10月5日、RevCommはシリーズAラウンドで新たに7億円の調達を発表。同ラウンドをトータル15億円の調達額でクローズしたRevComm代表取締役の會田武史氏にプロダクトの現況と、今後の展望について聞いた。
電話業務を労働集約型・属人化する“ブラックボックス問題”を解決
三菱商事出身の會田氏がRevCommを創業したのは2017年7月のこと。セールス、マーケティング畑が長かった會田氏が、電話営業・コールセンターの悩みを解決することで、生産性の高い営業を実現できないかと考え出したのが、AI搭載型のクラウドIP電話サービス、MiiTelだ。

電話営業やコールセンターの担当者が、上司や訪問営業の担当者に顧客との通話内容を伝達するとき、これまでは、ほかの営業・関係者への共有のしづらさ、ニュアンスまで伝えきることの難しさがあり、自分自身でも通話の良し悪しや成果を振り返りにくいという難点があった。
報告を受ける上司や営業担当者にとっても、報告者のバイアスがかかったり、各担当の課題を事実ベースで把握できなかったりして、失注分析や次のアクションへのアドバイスが難しいという悩みがある。

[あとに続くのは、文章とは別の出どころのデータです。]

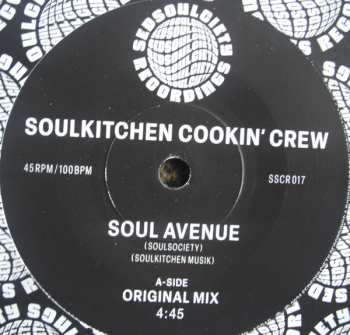 Album Soulkitchen Cookin' Crew: Soul Avenue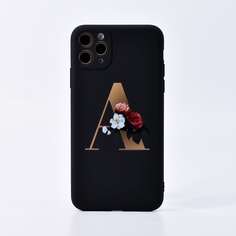 Чехол для iPhone с текстовым принтом Shein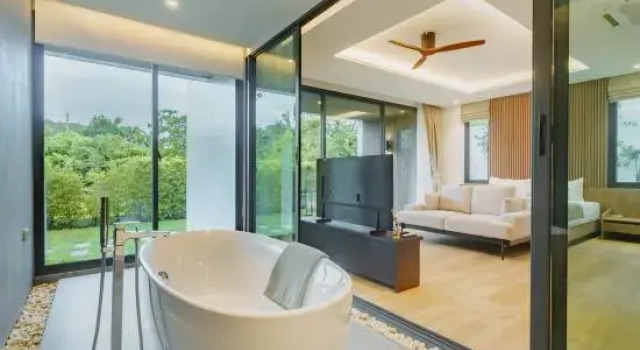 Niva Villa - Modern Private Pool with & Lake View near Phuket Town, Забронировать Вилла Пхукет Таун остров Пхукет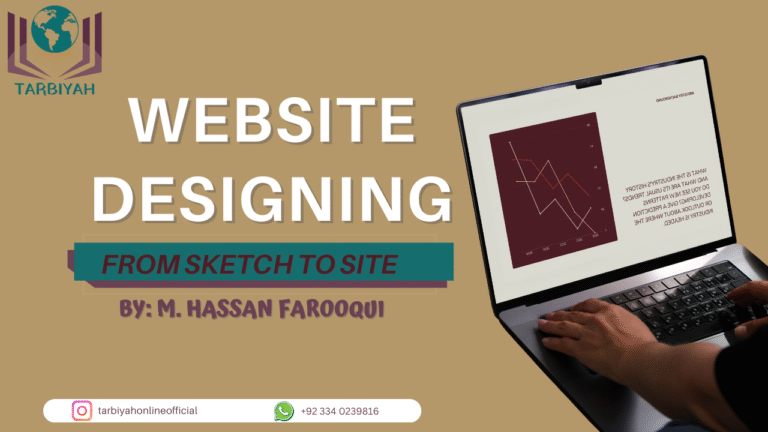 Website Designing From Sketch To Site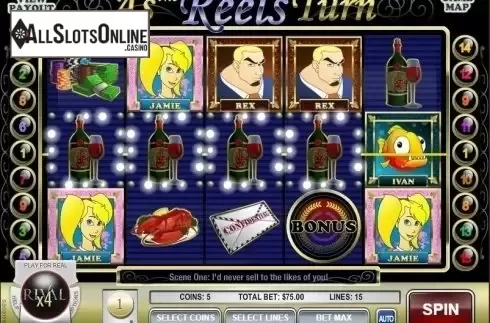 Screen5. As the Reels Turn 2 from Rival Gaming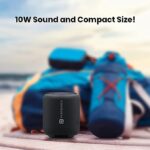 Portronics SoundDrum 1 Bluetooth Speaker (Black) - Image 2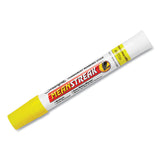 Sharpie® Mean Streak Marking Stick, Broad Bullet Tip, Yellow (SAN85005) Each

會田氏はこれを「顧客と担当者が『何を』『どのように』話しているかが分からない“ブラックボックス問題”だ」と語る。その結果、「なぜ成約したのか、なぜ失注したのかも分からない、労働集約型の属人的な営業になっていました。これが電話営業やコールセンターにおける本質的な課題です」と説明する。
「この課題に対して人工知能を活用して、担当者と顧客が『何を』『どのように』話しているか可視化し、成約や失注の理由を明らかにすることで生産性の高い営業にシフトしましょう、というのがMiiTelです」(會田氏)
独自の音声解析エンジンが強み、電話業務の生産性向上を支える
MiiTelは音声解析機能、自動録音・自動文字起こし機能、CRM/SFAツールとの連携機能により、電話営業・コールセンター通話の“ブラックボックス問題”の解消を図る。また担当者のセルフコーチングを実現し、どこからでも電話業務を可能にするリモートワークにも対応する。
音声解析では、顧客と担当者が「どのように」話しているかを、会話の抑揚や双方が話す時間の割合、相手の話中に話をかぶせる“被り”の回数ややり取りの回数、話す速度(話速)など、さまざまな角度からの分析結果を可視化する。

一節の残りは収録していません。